Сейчас в России происходят глобальные изменения в политико-экономической среде. Идет большой эксперимент по перераспределению собственности западных компаний, по вбрасыванию огромного количества денег в военно-промышленный комплекс и аффилированные с ними структуры. Здесь советские уроки не работают, потому что это все рыночная экономика. На мой взгляд, Россия серьезно изменится к окончанию этой войны. Это будет новая страна с обновленным классом богатых людей, с идеологическими изменениями. 

В медиа регулярно выходят материалы о недостатке обеспечения российской армии, тяжелых условиях и чудовищном насилии, которое происходит в зоне боевых действий. Вы замечаете усталость от войны именно среди комбатантов?

Мы видим, что количество дел по самовольному оставлению части, дезертирству и другим связанным с бегством правонарушениям увеличивается. И это показывает, что какая-то часть военнослужащих недовольна тем, что происходит. Я думаю, что большинство из них — это как раз мобилизованные. Чем дольше будет продолжаться война, тем больше будет таких случаев. 

Но с другой стороны, когда мы видим эти истории в независимых СМИ, надо все-таки сдерживать себя и не переносить частные случаи на всю совокупность военнослужащих, потому что их сотни тысяч, а этих случаев десятки или сотни. Надо понимать, что есть разные части, разные командиры, разные ситуации. Большое количество военнослужащих находятся вообще в тылу, это важная часть логистики любой войны. Там военные продолжают служить и получать хорошие деньги, их семьи получают поддержку, плюс идет такая идеологическая зарядка, что они настоящие патриоты и выполняют правое дело. 

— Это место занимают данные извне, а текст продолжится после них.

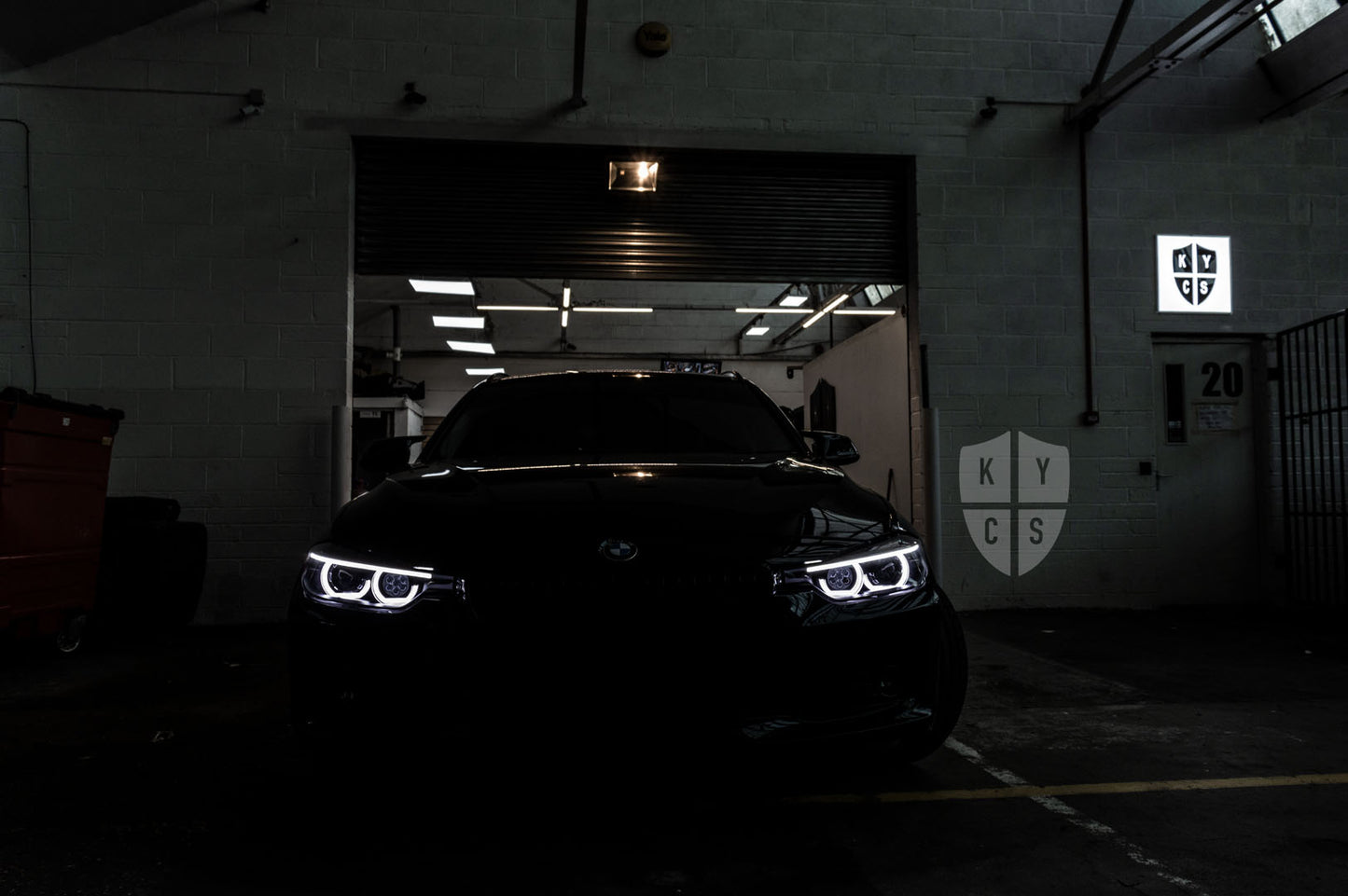 Select the following options to get the same headlights pictured above: BavGruppe Design 3/4 DTM Angel Eyes (White) | Modern Blackout Paintwork | Bi-LED 2.5" Projector With LED Bulb | High Beam LED Unit (Array Style) | LED Eyebrow Strip (Switchback) | New Lenses | LED Indicators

Здесь есть еще психологический компонент. Очень сложно взять и начать думать, что мы — плохие люди. Мы это видели еще по исследованиям немецкой нации, которая после тотального разгрома Германии на протяжении десятилетий все равно считала, что это они пострадали во время Второй мировой войны. Это такая психологическая рационализация и попытка сказать, что мы не плохие. Как минимум нас заставили, а как максимум — мы делаем какое-то хорошее дело. Потому что иначе можно сойти с ума.

При этом я убежден, что если сейчас Путин возьмет и заключит мирный договор, то большинство военных будут рады демобилизоваться, потому что мало кто хочет жертвовать своей жизнью. Даже за большие деньги. Потом ветеранам этой войны правда придется думать, что делать дальше.